▶ TASK DESCRIPTION
Every line in the data below from the one containing "Command 17026 Decoration" down to the one containing "Nighttime Aerial View of Islands and Ocean.", both included, must be retyped exactly; no other line is to appear.

Records from a dataset:
+===+

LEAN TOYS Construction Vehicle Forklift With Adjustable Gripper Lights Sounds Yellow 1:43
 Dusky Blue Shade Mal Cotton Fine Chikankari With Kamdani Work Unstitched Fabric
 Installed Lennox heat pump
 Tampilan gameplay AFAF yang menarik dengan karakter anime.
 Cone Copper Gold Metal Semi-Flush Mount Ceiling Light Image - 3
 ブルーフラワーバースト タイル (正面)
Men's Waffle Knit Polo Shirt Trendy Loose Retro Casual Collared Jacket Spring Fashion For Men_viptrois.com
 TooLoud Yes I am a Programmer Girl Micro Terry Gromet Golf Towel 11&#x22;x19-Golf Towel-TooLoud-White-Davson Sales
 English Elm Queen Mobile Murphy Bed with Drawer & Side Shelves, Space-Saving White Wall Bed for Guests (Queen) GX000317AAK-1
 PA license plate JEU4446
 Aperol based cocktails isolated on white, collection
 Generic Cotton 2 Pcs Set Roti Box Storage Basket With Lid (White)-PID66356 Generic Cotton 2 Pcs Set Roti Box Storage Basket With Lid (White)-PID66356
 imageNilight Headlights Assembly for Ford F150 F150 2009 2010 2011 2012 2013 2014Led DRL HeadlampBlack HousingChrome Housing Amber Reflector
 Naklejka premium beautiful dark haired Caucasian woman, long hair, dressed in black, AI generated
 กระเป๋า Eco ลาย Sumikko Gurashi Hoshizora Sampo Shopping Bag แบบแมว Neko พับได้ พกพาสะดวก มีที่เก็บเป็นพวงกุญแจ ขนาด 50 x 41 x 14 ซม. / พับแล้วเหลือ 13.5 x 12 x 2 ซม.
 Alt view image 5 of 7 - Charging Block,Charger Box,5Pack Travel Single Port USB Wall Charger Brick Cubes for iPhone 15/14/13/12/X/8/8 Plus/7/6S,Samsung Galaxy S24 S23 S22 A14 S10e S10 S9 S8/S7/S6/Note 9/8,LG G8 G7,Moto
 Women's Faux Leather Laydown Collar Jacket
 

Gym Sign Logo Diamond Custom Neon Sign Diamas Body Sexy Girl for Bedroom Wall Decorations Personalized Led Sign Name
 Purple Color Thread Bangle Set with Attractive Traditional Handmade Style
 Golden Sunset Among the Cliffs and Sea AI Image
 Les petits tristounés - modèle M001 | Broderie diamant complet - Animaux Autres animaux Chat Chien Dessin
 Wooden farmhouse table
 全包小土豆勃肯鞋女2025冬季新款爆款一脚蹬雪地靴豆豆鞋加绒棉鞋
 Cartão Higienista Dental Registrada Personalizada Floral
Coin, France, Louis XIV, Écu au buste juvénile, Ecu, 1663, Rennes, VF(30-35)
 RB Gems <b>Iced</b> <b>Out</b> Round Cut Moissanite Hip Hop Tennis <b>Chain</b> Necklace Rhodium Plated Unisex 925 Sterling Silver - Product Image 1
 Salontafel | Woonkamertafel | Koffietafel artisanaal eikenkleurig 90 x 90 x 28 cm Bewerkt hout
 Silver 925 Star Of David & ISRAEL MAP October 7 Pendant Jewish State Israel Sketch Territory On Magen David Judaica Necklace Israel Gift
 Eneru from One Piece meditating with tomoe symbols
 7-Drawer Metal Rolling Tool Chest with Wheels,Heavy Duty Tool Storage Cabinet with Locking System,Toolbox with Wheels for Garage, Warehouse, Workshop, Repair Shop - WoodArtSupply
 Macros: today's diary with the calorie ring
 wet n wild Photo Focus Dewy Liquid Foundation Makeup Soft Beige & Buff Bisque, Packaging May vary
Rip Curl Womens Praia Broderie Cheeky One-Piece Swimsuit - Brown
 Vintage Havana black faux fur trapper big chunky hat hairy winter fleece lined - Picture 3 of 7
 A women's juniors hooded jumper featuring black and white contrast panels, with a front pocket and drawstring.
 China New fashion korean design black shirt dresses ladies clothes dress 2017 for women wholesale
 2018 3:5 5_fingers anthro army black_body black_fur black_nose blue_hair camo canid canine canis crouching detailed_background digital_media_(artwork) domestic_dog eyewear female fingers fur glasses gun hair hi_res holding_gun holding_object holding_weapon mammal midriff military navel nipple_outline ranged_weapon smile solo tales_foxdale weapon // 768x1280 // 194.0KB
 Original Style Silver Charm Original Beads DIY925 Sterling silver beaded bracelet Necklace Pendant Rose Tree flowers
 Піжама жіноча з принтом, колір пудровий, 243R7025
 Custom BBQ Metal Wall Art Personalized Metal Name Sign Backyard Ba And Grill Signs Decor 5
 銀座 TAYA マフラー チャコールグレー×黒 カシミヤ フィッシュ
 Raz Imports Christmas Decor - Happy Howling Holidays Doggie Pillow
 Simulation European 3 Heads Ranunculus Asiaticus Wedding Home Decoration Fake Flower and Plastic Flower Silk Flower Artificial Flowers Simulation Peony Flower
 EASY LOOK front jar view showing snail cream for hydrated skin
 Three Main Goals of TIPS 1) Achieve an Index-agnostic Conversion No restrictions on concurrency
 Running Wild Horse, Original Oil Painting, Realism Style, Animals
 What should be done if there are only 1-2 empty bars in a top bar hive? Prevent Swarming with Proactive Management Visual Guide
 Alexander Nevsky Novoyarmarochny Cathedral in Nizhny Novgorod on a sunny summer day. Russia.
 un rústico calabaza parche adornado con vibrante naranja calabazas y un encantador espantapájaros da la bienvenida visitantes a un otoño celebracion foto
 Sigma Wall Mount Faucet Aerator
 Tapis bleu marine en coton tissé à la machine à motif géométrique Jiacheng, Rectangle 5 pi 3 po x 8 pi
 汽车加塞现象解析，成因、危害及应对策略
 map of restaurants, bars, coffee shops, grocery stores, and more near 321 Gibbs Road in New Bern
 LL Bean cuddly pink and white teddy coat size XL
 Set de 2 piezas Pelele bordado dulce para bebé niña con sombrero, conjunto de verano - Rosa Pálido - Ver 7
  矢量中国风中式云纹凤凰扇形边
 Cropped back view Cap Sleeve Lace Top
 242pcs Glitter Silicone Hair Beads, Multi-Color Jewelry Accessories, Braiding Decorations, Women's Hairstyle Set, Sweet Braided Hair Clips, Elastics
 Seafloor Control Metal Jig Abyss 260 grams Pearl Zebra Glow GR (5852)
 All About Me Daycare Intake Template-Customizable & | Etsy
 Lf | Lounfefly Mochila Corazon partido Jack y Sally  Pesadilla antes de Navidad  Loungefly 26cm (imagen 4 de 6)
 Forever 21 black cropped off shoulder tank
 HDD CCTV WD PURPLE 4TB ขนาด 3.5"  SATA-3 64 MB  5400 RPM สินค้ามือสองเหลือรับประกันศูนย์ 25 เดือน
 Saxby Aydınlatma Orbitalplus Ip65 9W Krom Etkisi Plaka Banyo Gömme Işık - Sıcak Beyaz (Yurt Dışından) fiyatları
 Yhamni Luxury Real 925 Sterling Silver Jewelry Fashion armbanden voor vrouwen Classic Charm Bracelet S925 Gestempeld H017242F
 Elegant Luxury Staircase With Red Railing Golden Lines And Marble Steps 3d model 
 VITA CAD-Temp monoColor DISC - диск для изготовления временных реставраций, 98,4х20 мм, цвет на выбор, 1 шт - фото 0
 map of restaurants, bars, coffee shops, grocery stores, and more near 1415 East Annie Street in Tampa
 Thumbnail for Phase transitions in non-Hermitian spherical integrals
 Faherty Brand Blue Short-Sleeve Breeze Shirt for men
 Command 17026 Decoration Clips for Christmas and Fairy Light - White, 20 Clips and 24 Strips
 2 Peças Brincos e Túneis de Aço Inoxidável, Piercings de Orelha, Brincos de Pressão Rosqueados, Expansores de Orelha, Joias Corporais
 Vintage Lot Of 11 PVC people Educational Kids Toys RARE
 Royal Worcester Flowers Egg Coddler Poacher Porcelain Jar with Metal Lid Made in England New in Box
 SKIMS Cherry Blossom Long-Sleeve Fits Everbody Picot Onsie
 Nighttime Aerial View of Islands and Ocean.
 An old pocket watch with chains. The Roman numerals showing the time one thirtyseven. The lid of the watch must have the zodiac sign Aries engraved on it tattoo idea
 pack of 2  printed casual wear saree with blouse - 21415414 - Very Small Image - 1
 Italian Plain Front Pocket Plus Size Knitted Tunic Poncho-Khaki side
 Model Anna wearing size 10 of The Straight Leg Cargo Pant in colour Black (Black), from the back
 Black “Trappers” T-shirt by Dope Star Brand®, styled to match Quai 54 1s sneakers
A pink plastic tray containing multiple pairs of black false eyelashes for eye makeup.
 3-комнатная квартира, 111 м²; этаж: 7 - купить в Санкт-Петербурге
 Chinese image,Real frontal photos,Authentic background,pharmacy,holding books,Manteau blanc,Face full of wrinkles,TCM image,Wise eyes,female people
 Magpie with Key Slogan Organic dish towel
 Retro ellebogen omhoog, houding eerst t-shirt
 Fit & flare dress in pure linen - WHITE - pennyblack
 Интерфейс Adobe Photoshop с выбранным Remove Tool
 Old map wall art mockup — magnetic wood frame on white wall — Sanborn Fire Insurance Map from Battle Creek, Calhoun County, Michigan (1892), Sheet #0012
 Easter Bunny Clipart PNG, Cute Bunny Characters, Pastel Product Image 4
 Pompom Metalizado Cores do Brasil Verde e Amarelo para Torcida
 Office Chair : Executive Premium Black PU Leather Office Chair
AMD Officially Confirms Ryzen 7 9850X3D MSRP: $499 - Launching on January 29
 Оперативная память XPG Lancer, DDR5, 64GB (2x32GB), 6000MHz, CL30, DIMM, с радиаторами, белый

+===+

▶ RESPONSE BELOW
 Command 17026 Decoration Clips for Christmas and Fairy Light - White, 20 Clips and 24 Strips
 2 Peças Brincos e Túneis de Aço Inoxidável, Piercings de Orelha, Brincos de Pressão Rosqueados, Expansores de Orelha, Joias Corporais
 Vintage Lot Of 11 PVC people Educational Kids Toys RARE
 Royal Worcester Flowers Egg Coddler Poacher Porcelain Jar with Metal Lid Made in England New in Box
 SKIMS Cherry Blossom Long-Sleeve Fits Everbody Picot Onsie
 Nighttime Aerial View of Islands and Ocean.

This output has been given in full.